**Assignment**: Starting at the line that contains "ОМОЛАЖИВАЮЩЕЕ ДЕЙСТВИЕ СЫВОРОТКИ", quote every line through the end of the entries, word for word, skipping the pictures.

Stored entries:

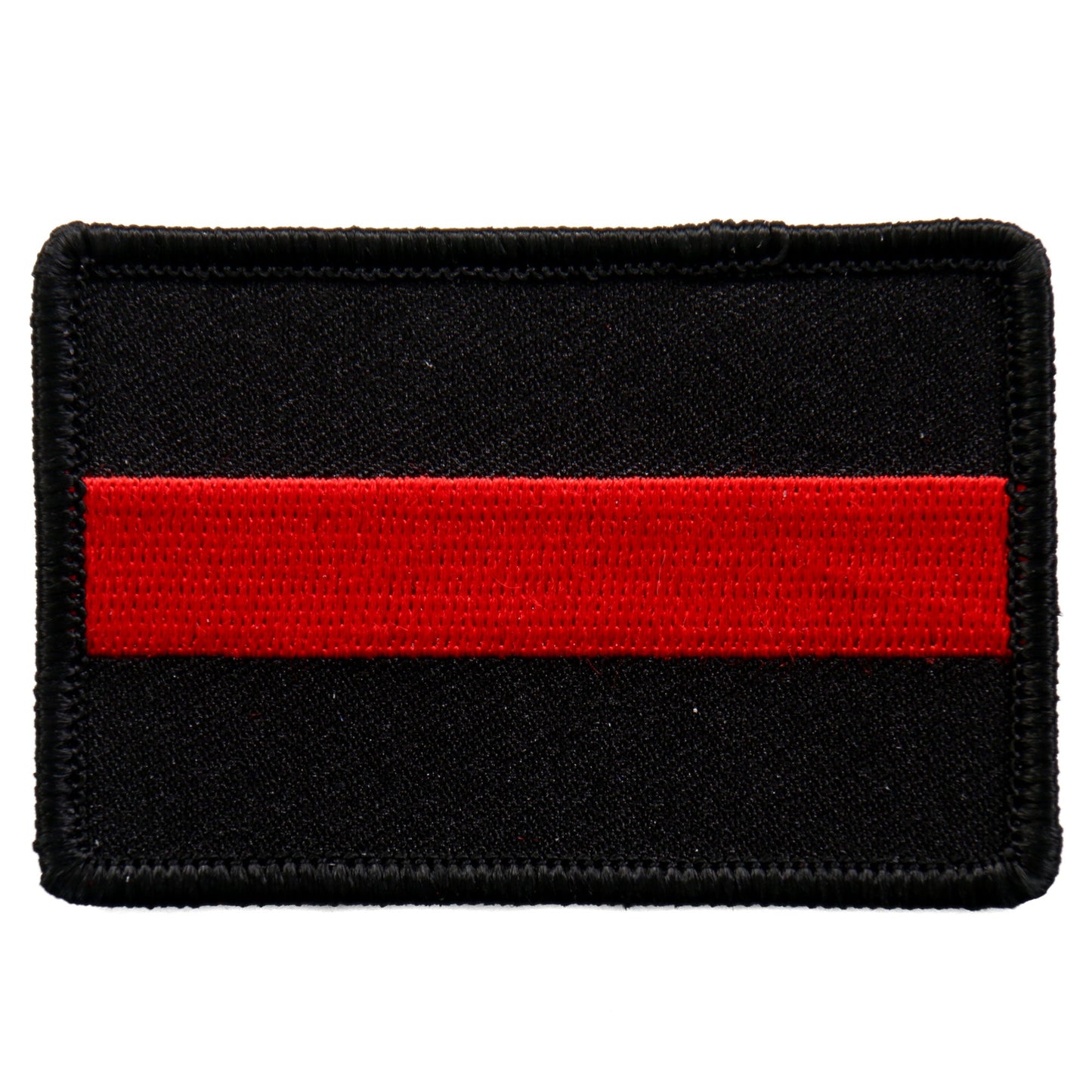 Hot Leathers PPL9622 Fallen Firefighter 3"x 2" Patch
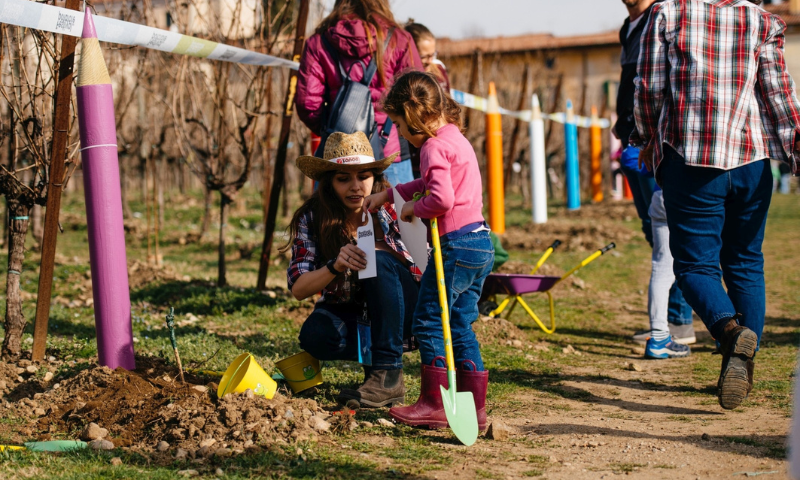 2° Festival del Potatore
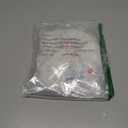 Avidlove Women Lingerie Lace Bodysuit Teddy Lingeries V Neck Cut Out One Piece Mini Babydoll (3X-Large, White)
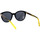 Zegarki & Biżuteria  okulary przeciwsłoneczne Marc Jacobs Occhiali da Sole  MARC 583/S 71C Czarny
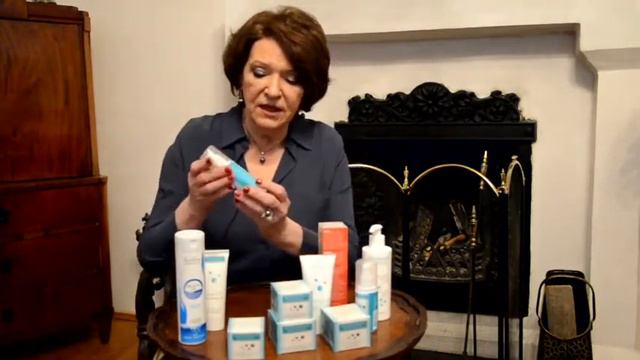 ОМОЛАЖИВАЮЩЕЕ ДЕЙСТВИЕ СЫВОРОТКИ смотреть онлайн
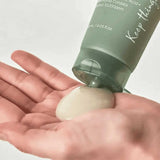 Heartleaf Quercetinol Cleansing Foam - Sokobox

**Output**:
 ОМОЛАЖИВАЮЩЕЕ ДЕЙСТВИЕ СЫВОРОТКИ смотреть онлайн
 Heartleaf Quercetinol Cleansing Foam - Sokobox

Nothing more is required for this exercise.